● What the task asks
Print every line of the material below exactly as it stands, but omit the pictures.

● Material provided
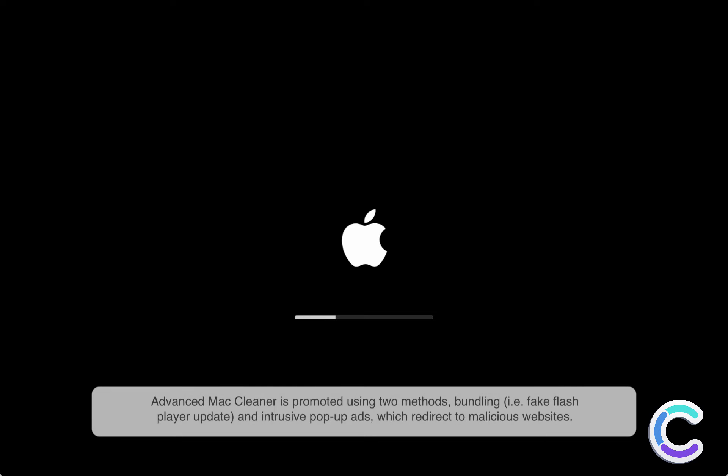Advanced Mac Cleaner is promoted using two methods: bundling, for example fake Flash Player updates, and intrusive pop-up ads which redirect to malicious websites.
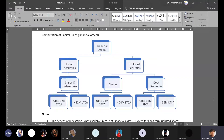Financial assets are broadly classified into two types: listed securities, which are publicly traded on recognized stock exchanges, and unlisted securities, which are not available for trading on any stock exchange and are privately traded with shareholders. Securities includes various types of financial instruments such as debentures, shares, bonds, and mutual funds.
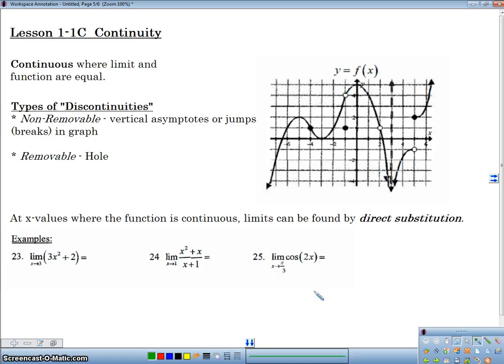Hey guys, Mr. Mises here, and we are on number 3, 1C, continuity. We're looking at BC Calculus lesson 1C, and we're talking about continuity today.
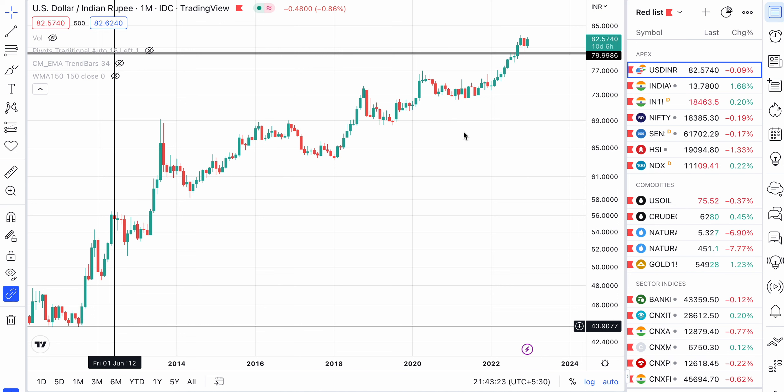Hello everyone, welcome to another video. I hope you all are doing well. So today we will be analysing gold.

● Exercise output
Advanced Mac Cleaner is promoted using two methods: bundling, for example fake Flash Player updates, and intrusive pop-up ads which redirect to malicious websites.
Financial assets are broadly classified into two types: listed securities, which are publicly traded on recognized stock exchanges, and unlisted securities, which are not available for trading on any stock exchange and are privately traded with shareholders. Securities includes various types of financial instruments such as debentures, shares, bonds, and mutual funds.
Hey guys, Mr. Mises here, and we are on number 3, 1C, continuity. We're looking at BC Calculus lesson 1C, and we're talking about continuity today.
Hello everyone, welcome to another video. I hope you all are doing well. So today we will be analysing gold.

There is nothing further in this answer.